Rodrigo de Souza Leão
Rodrigo de Souza Leão entrevista o
poeta
Floriano Martins - dez/98
Você acaba de lançar um livro de
entrevistas com escritores latino-americanos. Qual a importância de
ouvir as vozes da poesia latino-americana?
Trata-se de um livro de diálogos com poetas latino-americanos. Este
é o primeiro registro em livro de um encontro assim tão amplo entre
estes poetas. A maioria nem se conhece entre si, sobretudo os
brasileiros. Nosso conhecimento da poesia hispano-americana é
grosseiramente limitado. A razão de um diálogo não é exatamente a de
se saber quem é o mais importante ou quem antecede quem neste ou
aquele assunto. O diálogo radica justamente na troca de
experiências. Trata-se tão-somente de ouvir o outro. Claro, esta
audição implica sempre um sentido crítico. No caso da poesia
latino-americana, creio que a importância maior de se ouvir essas
vozes vem do fato de podermos descortinar um mundo até então
desconhecido. Reunir, como fiz, 24 poetas de dez países em um mesmo
lugar de encontro, cumpre o papel de apresentar ao leitor uma nova
maneira de observar o fato poético na América Latina. A partir daí é
possível entender que esta poesia não se limita àquelas
circunstâncias mínimas equivocadamente delineadas pela crítica ou
por nossa falta de programação editorial.

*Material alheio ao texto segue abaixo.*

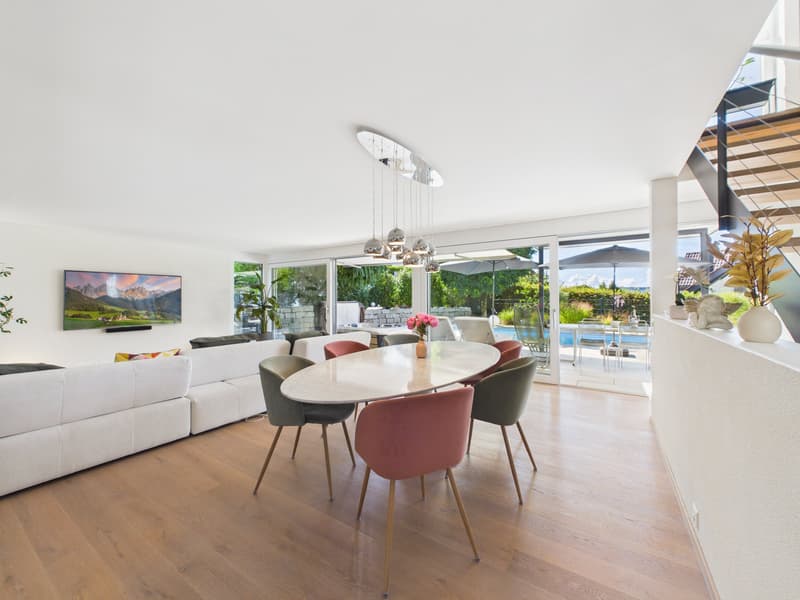 Ein Zuhause, das keine Wünsche offenlässt - Modernes Einfamilienhaus mit Garten und Pool (6)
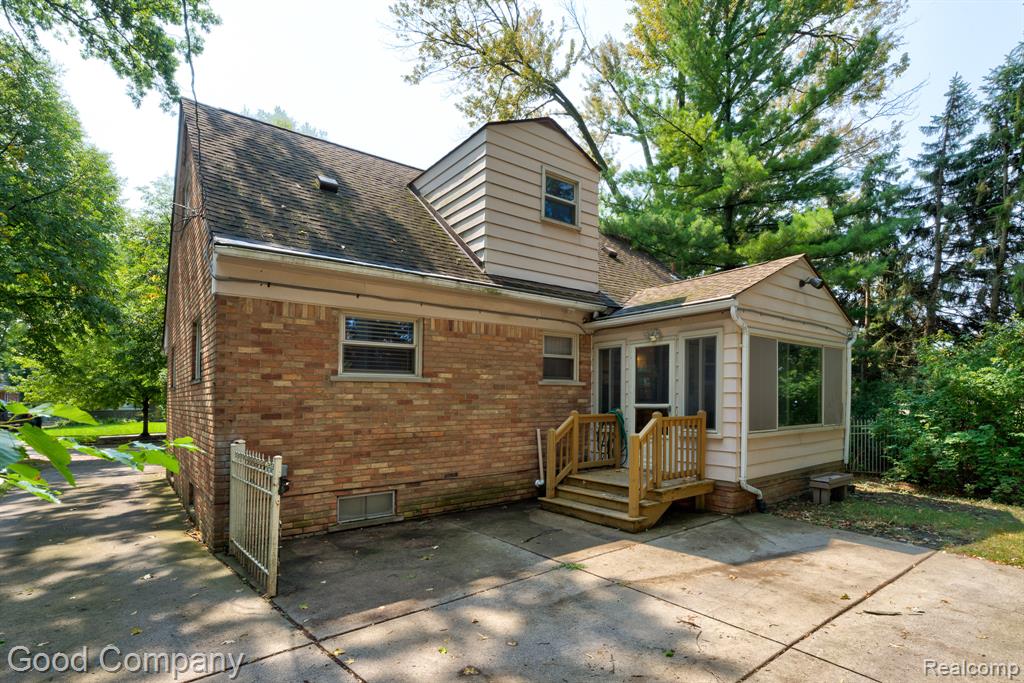 main property photo 59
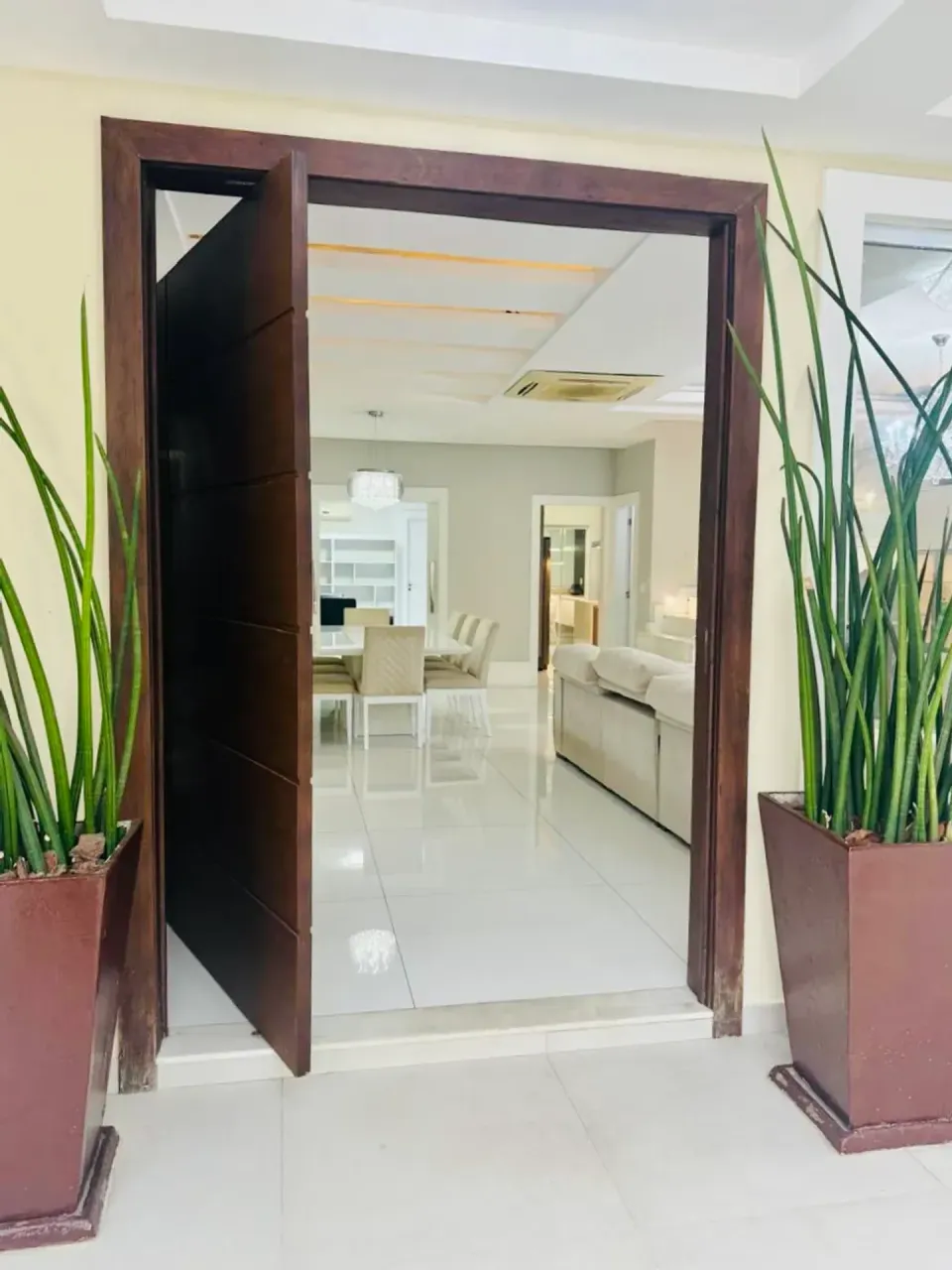 Casa mobiliada com cozinha integrada e 5 suítes — photo 18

O que não pode faltar em uma entrevista?
O que busca saber do entrevistado?
Obviamente, uma comunicação fluida entre as duas partes que a
compõem. Uma entrevista falha quando o entrevistador não possui uma
carta de indagações ou quando o entrevistado desanda a esquivar-se a
todo instante. Enfim, quando não há compromisso, de um lado ou de
outro, com a integridade do diálogo. Evidente que há alguns casos de
inexpressividade, mas não é disto que tratamos. De minha parte,
entrevisto pessoas a partir de um plano de trabalho, de maneira que
o que busco saber de um entrevistado é justamente sua relação
intrínseca com o que faz. Também busco uma cumplicidade na tessitura
de um texto final, de maneira que a entrevista (diálogo) resulte em
uma espécie de ensaio a quatro mãos.
Quanto tempo levou para realizar este seu trabalho?
Quais foram as maiores dificuldades?
A publicação de Escritura Conquistada (Diálogos com Poetas
Latino-americanos) funciona como a primeira colheita de um largo
plantio, que atravessa a contagem de uma década. Ali há entrevistas
realizadas entre 1988 e 1996. Contudo, antes já realizara algumas
outras não incluídas neste volume, assim como sigo preparando novas.
A intenção central é a montagem de um vasto painel crítico em torno
da poesia latino-americana em todo este século. Além das
entrevistas, há o preparo paralelo de duas outras instâncias: uma
Antologia da Poesia Hispano-americana no Século XX e uma seleção de
ensaios sobre esta mesma poesia. Claro, a partir daí surgem
inevitáveis desdobramentos. Exemplo disto é o libreto Escrituras
Surrealistas (O Começo da Busca) (Fund. Memorial da América Latina.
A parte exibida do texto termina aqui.